I The Go-Betweens hanno impiegato parecchio, cinque album, prima far uscire sul mercato questo forziere colmo di gioielli, sepolto ormai dalle sabbie del tempo; si parla, infatti, del 1988. Non sono molte le band che hanno avuto a disposizione così tante possibilità per partorire il proprio capolavoro, il che fa pensare a quanti capolavori possano essere rimasti nel mondo delle idee, inseguiti attraverso esordi promettenti, conferme all'altezza, ottimi dischi della maturità, e poi bum - il gruppo scoppia, ucciso dalla noia, dal blocco dello scrittore, da feroci litigate, da troie portatrici di discordia.

Non è il caso loro, o almeno non totalmente, ma per questo c'è la storia a raccontarlo, storia di cui "16 Lovers Lane" rappresenta un capitolo centrale, se salti quello non capisci più un tubo dello svolgimento dei fatti, cause ed effetti si mischiano. Poche volte, a fine giornata, mi è capitato di uscire dalla miniera consapevole di aver trovato non una pietra, non un reperto, ma un vero e proprio tesoro sepolto; riportato alla luce, ci si rende conto che quelli che si hanno fra le mani, da "Love Goes On!" - titolo ignobile, sì, ma canzone straordinaria - a "Dive For Your Memory", sono dieci autentici pezzi da museo.
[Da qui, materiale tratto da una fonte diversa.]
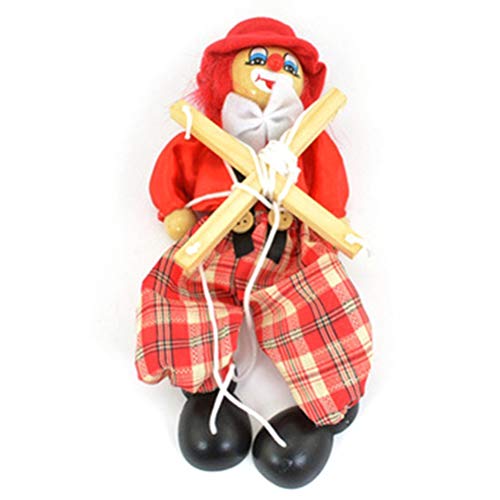 Lustige Bunte Pull String Puppenspiel Vintage Clown Holz Marionette Handwerk Spielzeug Joint Aktivität Puppe Geschenke Weihnachtsschmuck Safe Materialien Bright Farben 25 Cm (Rot) von MRSTORY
E' uno scrigno color 80s, pieno di un Pop/Rock raffinato, laccato e lucido, senza serratura, immediato, con "The Devil's Eye", "Love Is a Sign", "I'm All Right" che ti sgusciano via fra le dita mentre te le porti al viso contento dopo averle affondate avidamente nel forziere. E come in ogni corsa all'oro, anche qui ovunque è pieno di sciacalli che vogliono rubarti i pezzi, o comprarteli a prezzi irrisori, per metterli poi nelle loro vetrine, all'attenzione di tutti: "Streets Of Your Town" risultò troppo allettante come occasione per fare dei The Go-Betweens un monumento della musica australiana da mostrare al mondo, e funzionò; allo stesso modo "Was There Anything I Could Do?" finì per diventare una gemma rubata e data in pasto alle radio, un grammo della malinconia nascosta che questo gruppo portava sempre nelle proprie tasche.
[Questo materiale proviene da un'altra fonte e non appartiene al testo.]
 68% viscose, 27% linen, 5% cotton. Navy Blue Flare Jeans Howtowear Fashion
Così prima che sia troppo tardi prendo un paio di gemme da portarmi via nascoste sotto il cappello, mi trovo a dover scegliere fra la straziante "Quiet Heart" e l'apparentemente (ma solo apparentemente) soleggiata "Clouds", a mio giudizio le due facce più rappresentative di quanto bene, a noi minatori, abbia portato il lavoro di Robert Forster, Grant McLennan, Lindy Morrison e John Willsteed, oltre alla già citata Amanda. Come spesso accade, nel dubbio le prendo entrambe.